Exercise inputs ->
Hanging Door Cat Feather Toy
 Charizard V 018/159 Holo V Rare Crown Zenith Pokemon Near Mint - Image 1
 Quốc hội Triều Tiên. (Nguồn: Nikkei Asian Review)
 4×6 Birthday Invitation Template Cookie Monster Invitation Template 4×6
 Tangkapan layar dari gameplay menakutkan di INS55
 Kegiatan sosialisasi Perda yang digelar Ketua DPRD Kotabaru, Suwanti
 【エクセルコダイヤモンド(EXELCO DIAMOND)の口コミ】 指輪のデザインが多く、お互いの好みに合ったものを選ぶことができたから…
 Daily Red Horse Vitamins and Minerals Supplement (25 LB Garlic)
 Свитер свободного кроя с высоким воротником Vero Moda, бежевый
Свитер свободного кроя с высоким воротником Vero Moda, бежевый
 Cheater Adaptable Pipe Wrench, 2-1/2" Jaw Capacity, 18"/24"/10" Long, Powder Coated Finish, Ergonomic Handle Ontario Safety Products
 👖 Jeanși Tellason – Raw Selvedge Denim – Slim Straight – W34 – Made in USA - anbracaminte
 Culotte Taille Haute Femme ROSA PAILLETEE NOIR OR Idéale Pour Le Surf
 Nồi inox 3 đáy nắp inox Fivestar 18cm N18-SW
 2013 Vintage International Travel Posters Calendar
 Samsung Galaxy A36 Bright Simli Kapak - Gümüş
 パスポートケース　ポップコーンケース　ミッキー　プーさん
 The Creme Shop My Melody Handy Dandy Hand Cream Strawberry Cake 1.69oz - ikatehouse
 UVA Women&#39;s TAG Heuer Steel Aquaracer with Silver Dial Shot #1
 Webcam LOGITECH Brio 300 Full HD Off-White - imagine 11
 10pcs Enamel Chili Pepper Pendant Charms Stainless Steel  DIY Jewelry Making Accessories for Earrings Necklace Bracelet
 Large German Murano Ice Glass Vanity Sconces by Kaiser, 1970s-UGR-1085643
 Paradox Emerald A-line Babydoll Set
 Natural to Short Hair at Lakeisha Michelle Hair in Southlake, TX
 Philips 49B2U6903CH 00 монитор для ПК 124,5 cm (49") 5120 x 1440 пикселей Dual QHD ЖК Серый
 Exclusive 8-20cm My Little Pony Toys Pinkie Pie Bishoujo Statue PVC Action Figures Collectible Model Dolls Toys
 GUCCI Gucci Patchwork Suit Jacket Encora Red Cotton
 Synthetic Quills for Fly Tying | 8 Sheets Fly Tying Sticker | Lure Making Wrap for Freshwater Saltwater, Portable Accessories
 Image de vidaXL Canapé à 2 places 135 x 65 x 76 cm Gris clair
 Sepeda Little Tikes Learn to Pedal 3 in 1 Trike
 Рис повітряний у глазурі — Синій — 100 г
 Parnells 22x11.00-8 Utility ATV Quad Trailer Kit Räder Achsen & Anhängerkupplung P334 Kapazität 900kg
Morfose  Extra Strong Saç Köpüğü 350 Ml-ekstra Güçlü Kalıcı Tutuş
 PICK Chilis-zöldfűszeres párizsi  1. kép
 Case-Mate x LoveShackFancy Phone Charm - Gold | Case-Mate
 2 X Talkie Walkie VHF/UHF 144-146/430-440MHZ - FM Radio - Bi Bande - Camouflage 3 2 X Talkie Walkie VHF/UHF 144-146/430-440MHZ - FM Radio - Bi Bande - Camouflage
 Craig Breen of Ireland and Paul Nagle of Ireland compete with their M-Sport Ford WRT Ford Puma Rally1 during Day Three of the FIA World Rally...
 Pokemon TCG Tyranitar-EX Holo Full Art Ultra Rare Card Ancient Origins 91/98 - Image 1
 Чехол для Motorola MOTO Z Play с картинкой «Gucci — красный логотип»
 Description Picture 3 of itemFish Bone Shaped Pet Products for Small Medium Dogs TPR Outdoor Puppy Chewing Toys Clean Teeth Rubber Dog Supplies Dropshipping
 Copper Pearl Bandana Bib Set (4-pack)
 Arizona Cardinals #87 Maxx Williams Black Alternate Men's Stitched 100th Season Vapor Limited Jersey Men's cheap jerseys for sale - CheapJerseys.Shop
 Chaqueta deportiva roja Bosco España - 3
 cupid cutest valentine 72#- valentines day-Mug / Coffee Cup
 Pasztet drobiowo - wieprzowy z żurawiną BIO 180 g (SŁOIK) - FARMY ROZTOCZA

What the exercise asks -> Transcribe the data above verbatim.

Completed task ->
Hanging Door Cat Feather Toy
 Charizard V 018/159 Holo V Rare Crown Zenith Pokemon Near Mint - Image 1
 Quốc hội Triều Tiên. (Nguồn: Nikkei Asian Review)
 4×6 Birthday Invitation Template Cookie Monster Invitation Template 4×6
 Tangkapan layar dari gameplay menakutkan di INS55
 Kegiatan sosialisasi Perda yang digelar Ketua DPRD Kotabaru, Suwanti
 【エクセルコダイヤモンド(EXELCO DIAMOND)の口コミ】 指輪のデザインが多く、お互いの好みに合ったものを選ぶことができたから…
 Daily Red Horse Vitamins and Minerals Supplement (25 LB Garlic)
 Свитер свободного кроя с высоким воротником Vero Moda, бежевый
Свитер свободного кроя с высоким воротником Vero Moda, бежевый
 Cheater Adaptable Pipe Wrench, 2-1/2" Jaw Capacity, 18"/24"/10" Long, Powder Coated Finish, Ergonomic Handle Ontario Safety Products
 👖 Jeanși Tellason – Raw Selvedge Denim – Slim Straight – W34 – Made in USA - anbracaminte
 Culotte Taille Haute Femme ROSA PAILLETEE NOIR OR Idéale Pour Le Surf
 Nồi inox 3 đáy nắp inox Fivestar 18cm N18-SW
 2013 Vintage International Travel Posters Calendar
 Samsung Galaxy A36 Bright Simli Kapak - Gümüş
 パスポートケース　ポップコーンケース　ミッキー　プーさん
 The Creme Shop My Melody Handy Dandy Hand Cream Strawberry Cake 1.69oz - ikatehouse
 UVA Women&#39;s TAG Heuer Steel Aquaracer with Silver Dial Shot #1
 Webcam LOGITECH Brio 300 Full HD Off-White - imagine 11
 10pcs Enamel Chili Pepper Pendant Charms Stainless Steel  DIY Jewelry Making Accessories for Earrings Necklace Bracelet
 Large German Murano Ice Glass Vanity Sconces by Kaiser, 1970s-UGR-1085643
 Paradox Emerald A-line Babydoll Set
 Natural to Short Hair at Lakeisha Michelle Hair in Southlake, TX
 Philips 49B2U6903CH 00 монитор для ПК 124,5 cm (49") 5120 x 1440 пикселей Dual QHD ЖК Серый
 Exclusive 8-20cm My Little Pony Toys Pinkie Pie Bishoujo Statue PVC Action Figures Collectible Model Dolls Toys
 GUCCI Gucci Patchwork Suit Jacket Encora Red Cotton
 Synthetic Quills for Fly Tying | 8 Sheets Fly Tying Sticker | Lure Making Wrap for Freshwater Saltwater, Portable Accessories
 Image de vidaXL Canapé à 2 places 135 x 65 x 76 cm Gris clair
 Sepeda Little Tikes Learn to Pedal 3 in 1 Trike
 Рис повітряний у глазурі — Синій — 100 г
 Parnells 22x11.00-8 Utility ATV Quad Trailer Kit Räder Achsen & Anhängerkupplung P334 Kapazität 900kg
Morfose  Extra Strong Saç Köpüğü 350 Ml-ekstra Güçlü Kalıcı Tutuş
 PICK Chilis-zöldfűszeres párizsi  1. kép
 Case-Mate x LoveShackFancy Phone Charm - Gold | Case-Mate
 2 X Talkie Walkie VHF/UHF 144-146/430-440MHZ - FM Radio - Bi Bande - Camouflage 3 2 X Talkie Walkie VHF/UHF 144-146/430-440MHZ - FM Radio - Bi Bande - Camouflage
 Craig Breen of Ireland and Paul Nagle of Ireland compete with their M-Sport Ford WRT Ford Puma Rally1 during Day Three of the FIA World Rally...
 Pokemon TCG Tyranitar-EX Holo Full Art Ultra Rare Card Ancient Origins 91/98 - Image 1
 Чехол для Motorola MOTO Z Play с картинкой «Gucci — красный логотип»
 Description Picture 3 of itemFish Bone Shaped Pet Products for Small Medium Dogs TPR Outdoor Puppy Chewing Toys Clean Teeth Rubber Dog Supplies Dropshipping
 Copper Pearl Bandana Bib Set (4-pack)
 Arizona Cardinals #87 Maxx Williams Black Alternate Men's Stitched 100th Season Vapor Limited Jersey Men's cheap jerseys for sale - CheapJerseys.Shop
 Chaqueta deportiva roja Bosco España - 3
 cupid cutest valentine 72#- valentines day-Mug / Coffee Cup
 Pasztet drobiowo - wieprzowy z żurawiną BIO 180 g (SŁOIK) - FARMY ROZTOCZA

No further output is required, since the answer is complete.